Tu es venu à Cesson seul, sans ta compagne…
C’est vrai et c’est difficile… Nous n’imaginions pas que ça le serait autant. La situation sanitaire n’arrange rien mais nous avions fait ce choix en connaissance de cause. On voulait développer nos carrières, chacun de son côté. Ma compagne monte son entreprise, ça marche plutôt bien et il n’était pas question de la priver de cet épanouissement professionnel. Après, quand je rentre chez moi, dans mon appartement, c’est parfois compliqué. C’est vide, sans elle et sans mes deux chiens. Mais nous savons pourquoi nous faisons ces sacrifices. Et malgré la distance, son aide est très précieuse.
Tu peux développer ?
Nous avons deux tempéraments qui se complètent bien. Cindy est derrière moi pour me pousser, me rentrer dedans quand c’est nécessaire et me faire avancer. Elle s’assure que je ne lâche rien, jamais. C’est vraiment très important pour moi de l’avoir, de recevoir et de sentir sa force, ce caractère, même à distance. Pour la réussite de nos projets, je n’ai pas le droit de baisser les bras. C’est aussi pour cela que je veux être hyper performant, ici à Cesson.

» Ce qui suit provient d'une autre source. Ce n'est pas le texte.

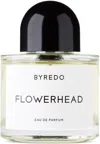 Byredo Flowerhead Eau De Parfum, 100 ml In Na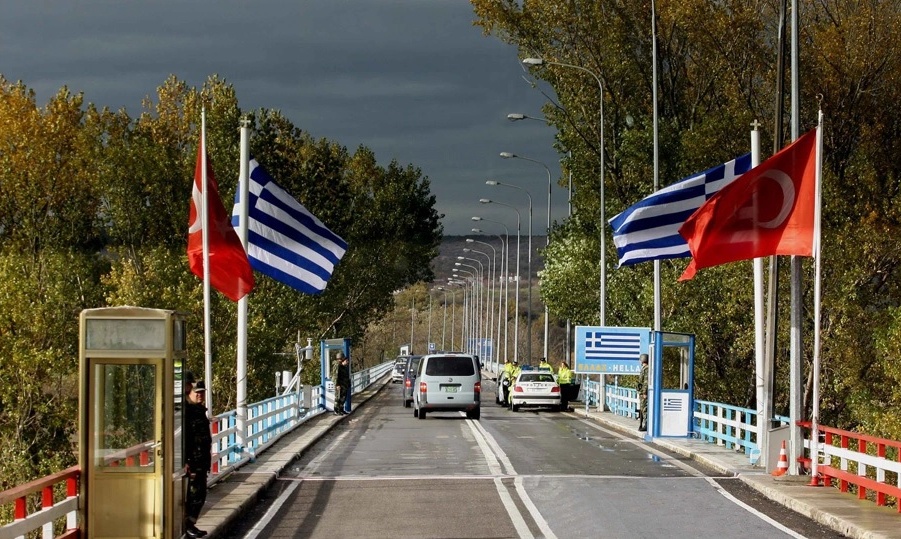 Προβοκάτσια στον Έβρο με νεκρό Τούρκο: Η απάντηση της ΕΛ.ΑΣ.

Quelles ambitions Cesson va-t-il avoir sur cette année 2021 ?
Nous sommes un groupe encore jeune, en plein développement, et, ne l’oublions pas, promu en Lidl Starligue. Mais il y a beaucoup de qualités et de possibilités. Nous l’avons vu sur plusieurs matches où nous avons été vraiment tout près de mettre plus de points. Je pense à Saint-Raphaël, Aix et Montpellier, qui sont de grosses écuries. Parfois, nous avons été en dedans. On a loupé des rencontres. Cela fait partie de l’apprentissage. Le plus important, c’est de continuer d’adhérer à ce que nous propose Sébastien Leriche et d’en donner toujours plus. Être à 100 % ne suffit pas toujours, il faut vraiment se rentrer dans la tête que nous devons tout donner, tous en même temps, pour assurer un bon maintien.